ABOUT THIS TASK:
Output exactly the lines from the line that has "Kitchen or kitchenette in Kiwi Park Motels" through the last line of the data below, with no pictures.

[Brief descriptive captions]
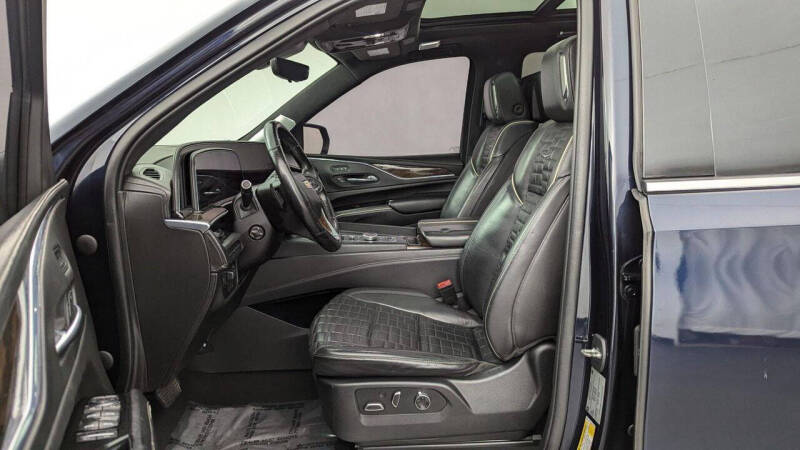 2021 Cadillac Escalade ESV Premium Luxury Platinum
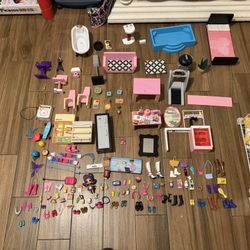 Doll House And accessories 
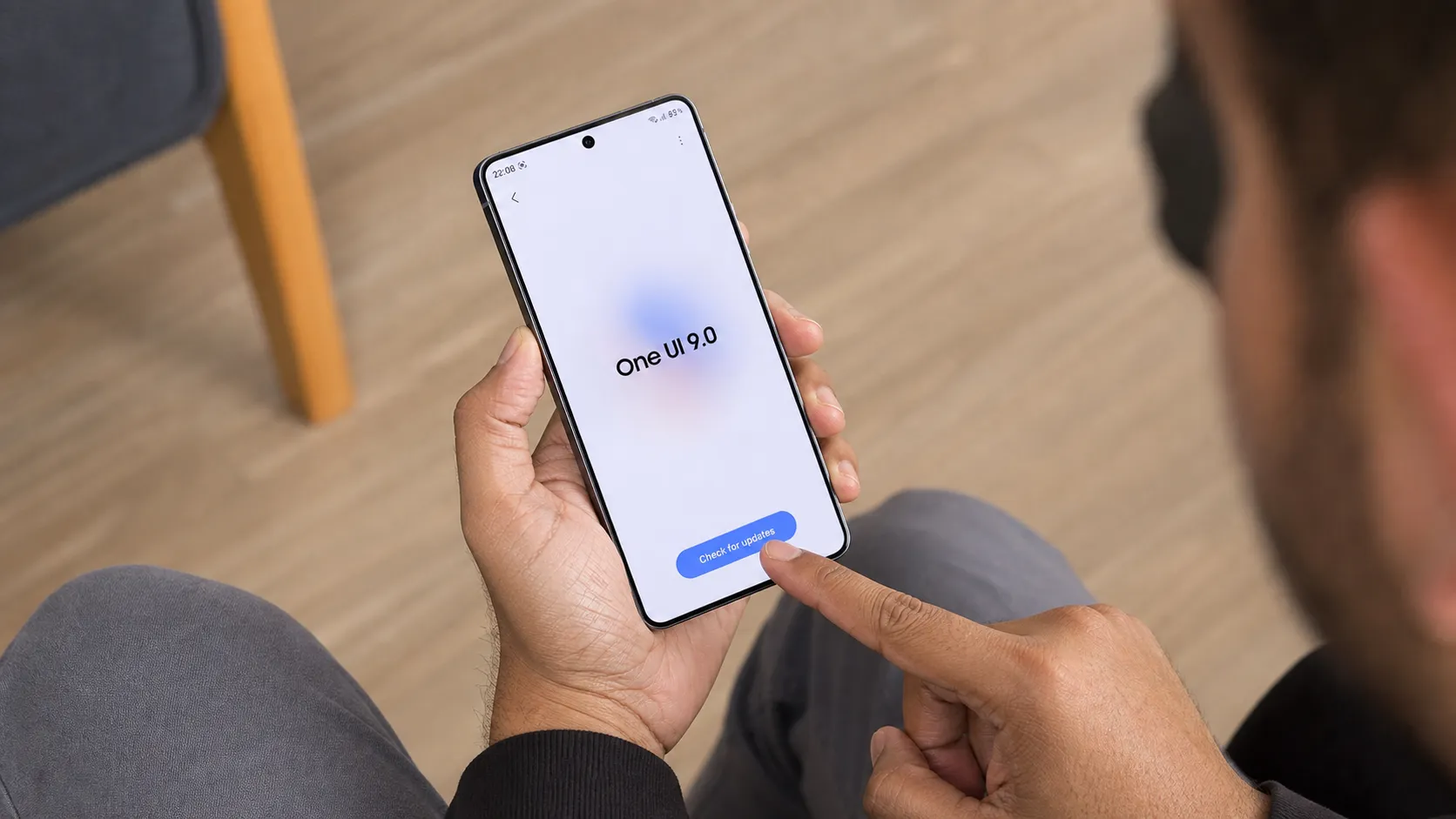 Samsung Galaxy S25 Ultra showing stable One UI 9 Android 17 update notification on software update screen
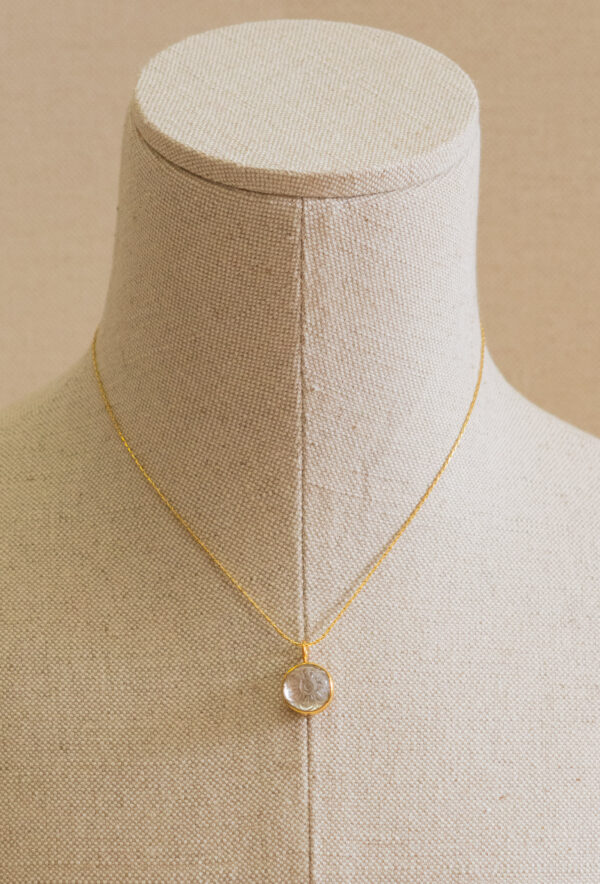 Collar corto de plata, chapado en oro, con piedra natural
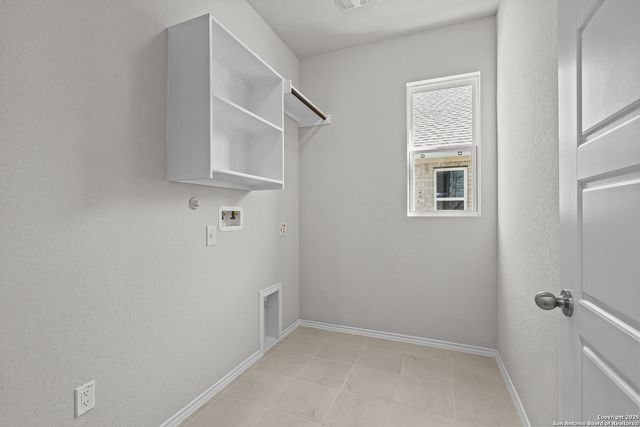 12579 Carrick Dr, San Antonio, TX 78254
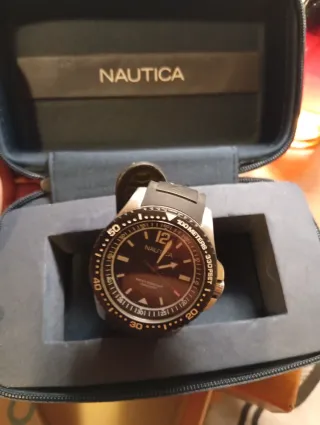 Orologio Nautica Uomo Nero e Argento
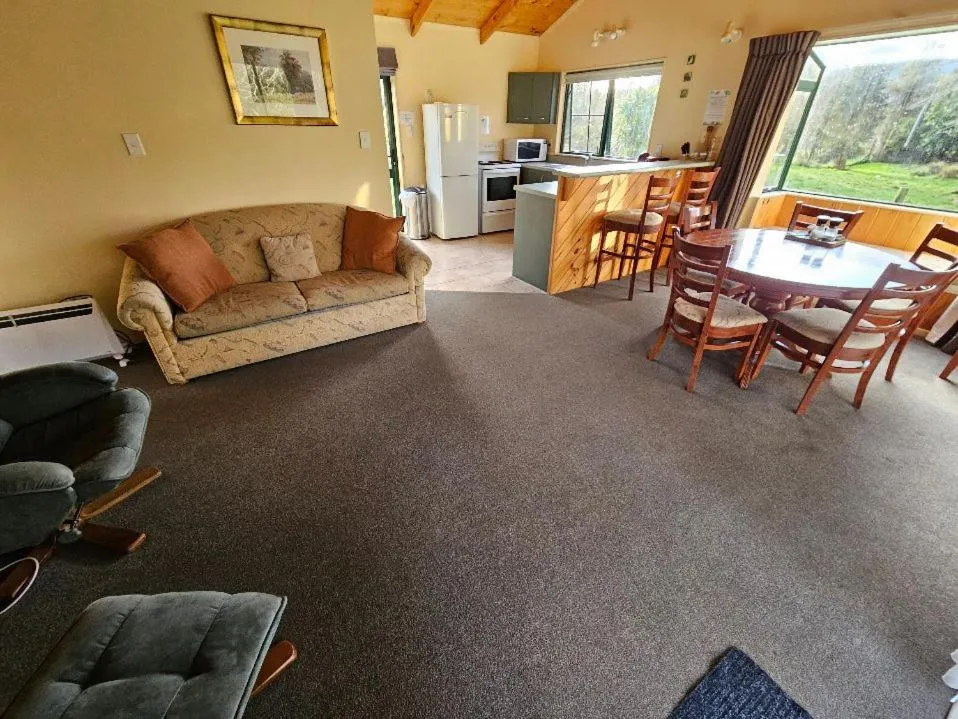 Kitchen or kitchenette in Kiwi Park Motels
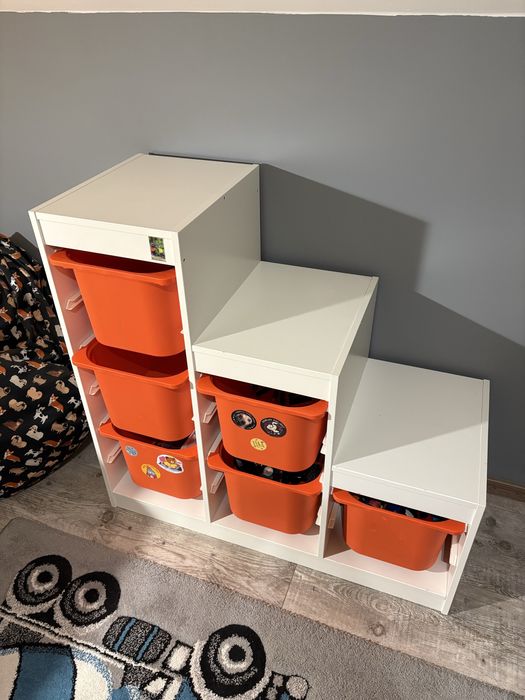 Regal Trofast IKEA z pojemnikami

FINISHED TASK:
 Kitchen or kitchenette in Kiwi Park Motels
 Regal Trofast IKEA z pojemnikami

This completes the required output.